OOM Troubleshooting (DuckLake Search and Compaction)¶
This guide is for Homer deployments that fail with DuckDB errors like:
Out of Memory Error: failed to allocate ...(... GiB/... GiB used)- Search API returns
500on/api/v4/transactions/search
Typical failing query shape:
- Large time range
ORDER BY timestamp DESC LIMIT ...- Union of lake + in-memory buffers (
mem_hep_proto_*)
1) Fast Runtime Fix (No Recompile)¶
Edit your runtime config (for example /usr/local/homer-core/etc/homer.json) and set:
{
"storage": {
"ducklake": {
"tuning": {
"threads": 2,
"memory_limit": "4GB",
"temp_directory": "/data/homer/.duckdb_spill"
}
}
},
"node": {
"ducklake": {
"tuning": {
"threads": 2,
"memory_limit": "4GB",
"temp_directory": "/data/homer/.duckdb_spill"
}
}
}
}
Then:
sudo mkdir -p /data/homer/.duckdb_spill
sudo chmod 755 /data/homer/.duckdb_spill
sudo systemctl restart homer-core
2) Verify Tuning Applied¶
Check logs:
journalctl -u homer-core -n 200 --no-pager | rg "DuckDB tuning:"
Expected lines:
DuckDB tuning: memory_limit setDuckDB tuning: temp_directory setDuckDB tuning: preserve_insertion_order disabled
3) Re-test Search¶
Repeat the same failing search (UI or API) and confirm:
- HTTP
200for/api/v4/transactions/search - No new
Node: Query failed ... Out of Memory
Useful check:
journalctl -u homer-core -n 200 --no-pager | rg "V4TransactionsSearch|Node: Query failed|Out of Memory|POST /api/v4/transactions/search"

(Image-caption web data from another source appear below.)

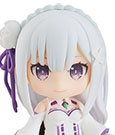 Nendoroid Re:Zero Starting Life in Another World Swacchao! Figure Emilia 9 cm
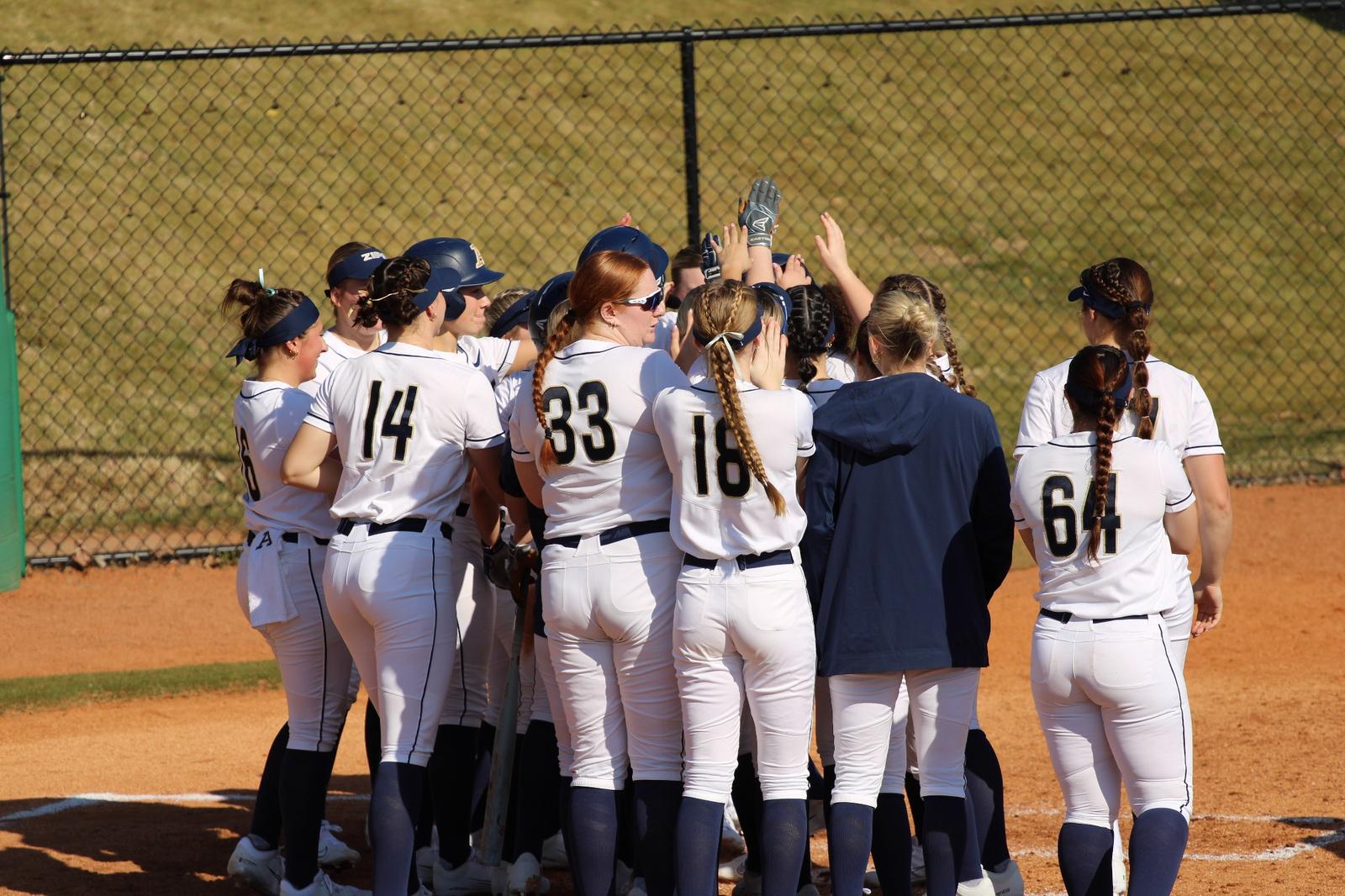 Junior Akron Racers Zips Sweep Day Two of Racers Classic - University of Akron Athletics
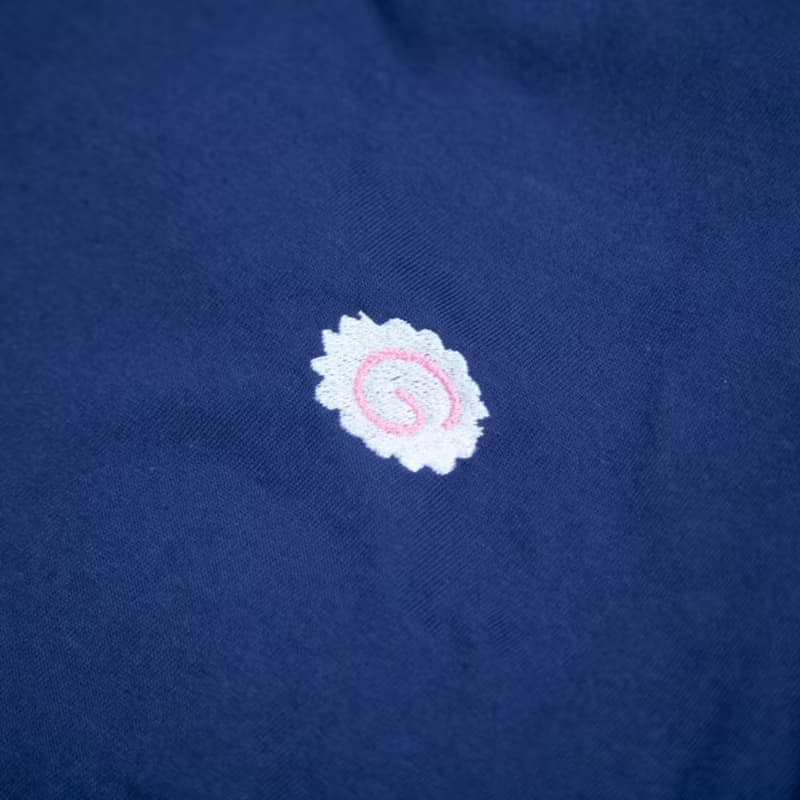 ナルト 刺しゅう Tシャツ　ユニセックスS〜XLサイズ/レディースS〜XXXLサイズ、レディースS~L、キッズ90~160cm Tcollector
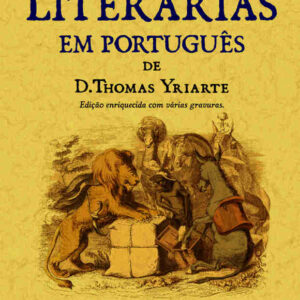 Fabulas literarias em português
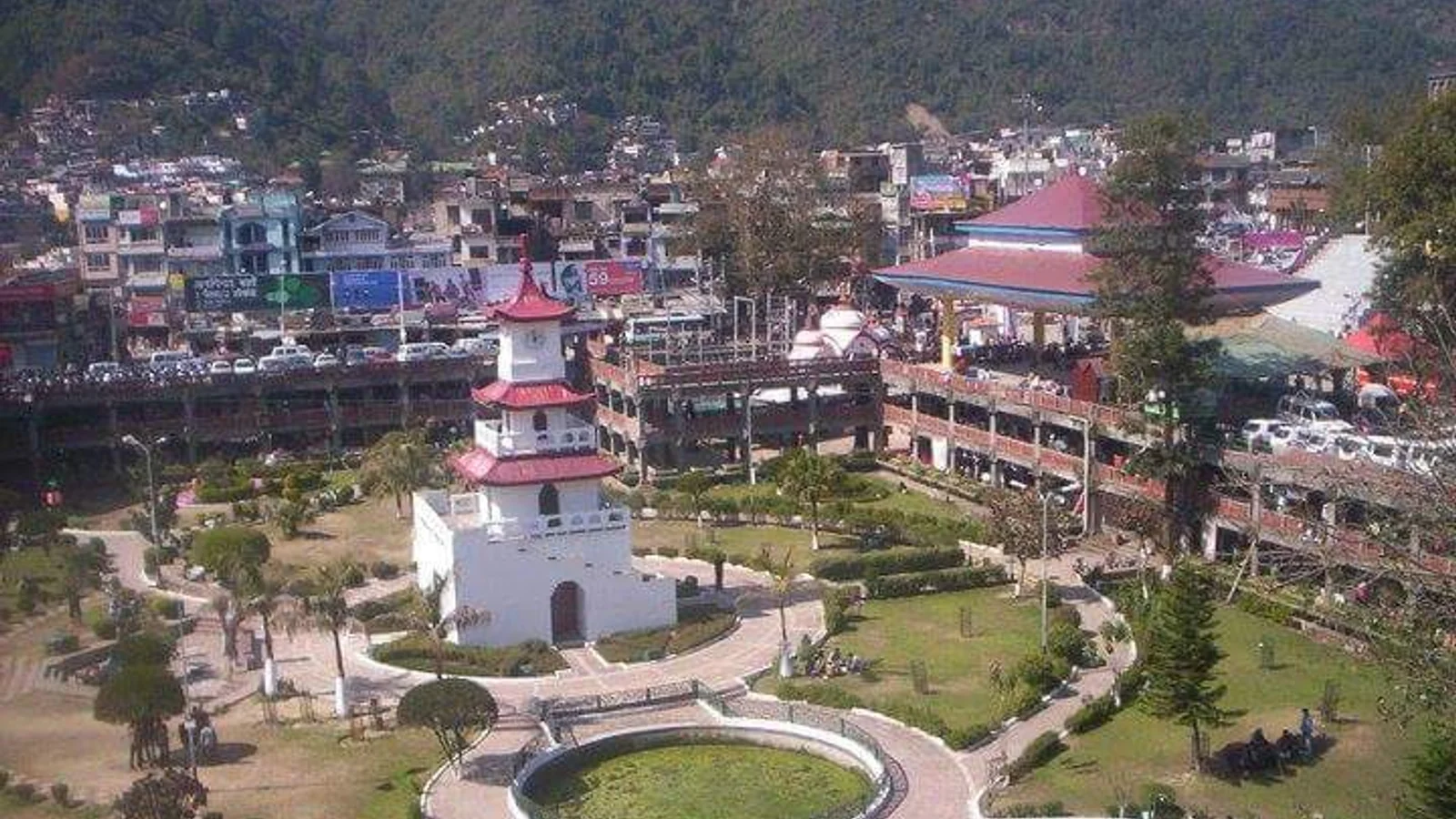 Mandi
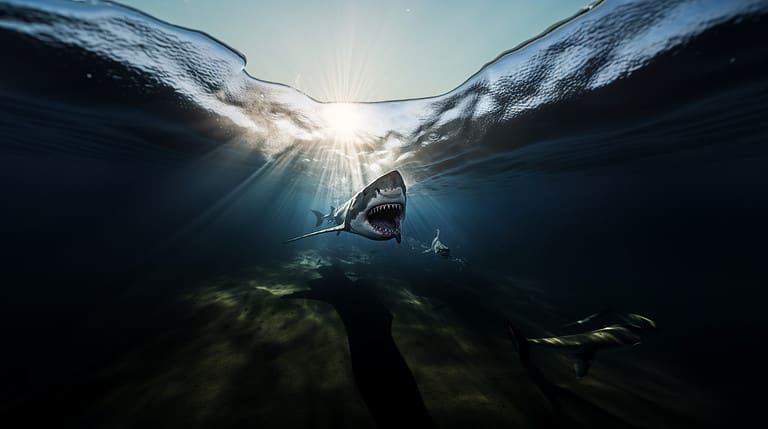 Shark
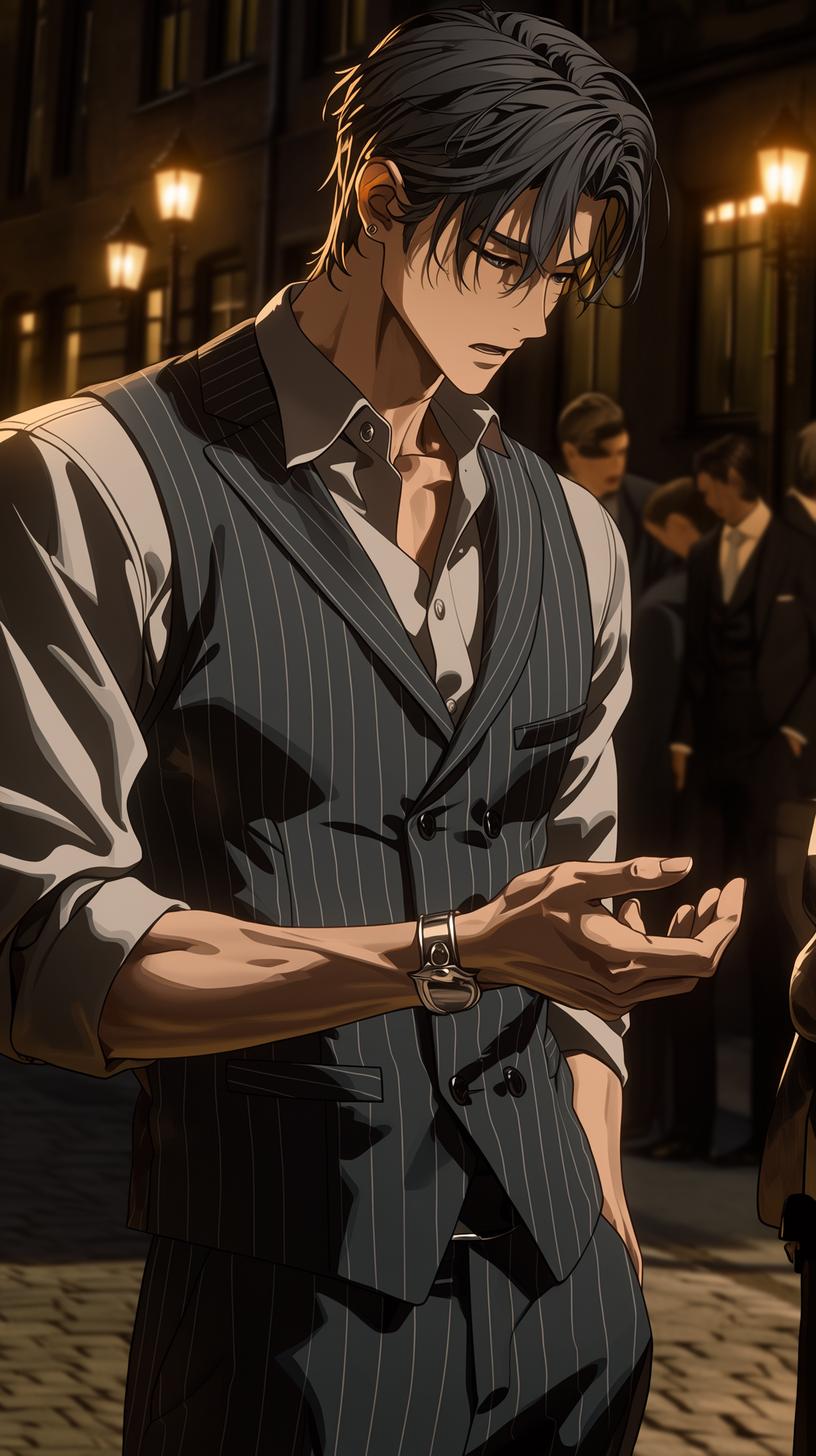 Joseph thumbnail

4) Low-RAM Profile (If You Cannot Allocate 4GB)¶
Use this profile:
{
"storage": {
"ducklake": {
"search_buffer": false,
"tuning": {
"threads": 1,
"memory_limit": "1500MB",
"temp_directory": "/data/homer/.duckdb_spill"
},
"compaction": {
"enable": false
}
}
},
"node": {
"ducklake": {
"tuning": {
"threads": 1,
"memory_limit": "1500MB",
"temp_directory": "/data/homer/.duckdb_spill"
}
}
}
}
Why this helps:
threads=1lowers concurrent memory pressuresearch_buffer=falseavoids union with in-memory bufferscompaction.enable=falseremoves heavy merge pathtemp_directoryenables disk spill instead of hard OOM
5) If OOM Persists¶
- Increase
memory_limitone step (4GB -> 6GB). - Keep spill directory on fast disk (not tmpfs).
- Reduce query range temporarily (narrower time window).
- Re-enable compaction only after search is stable.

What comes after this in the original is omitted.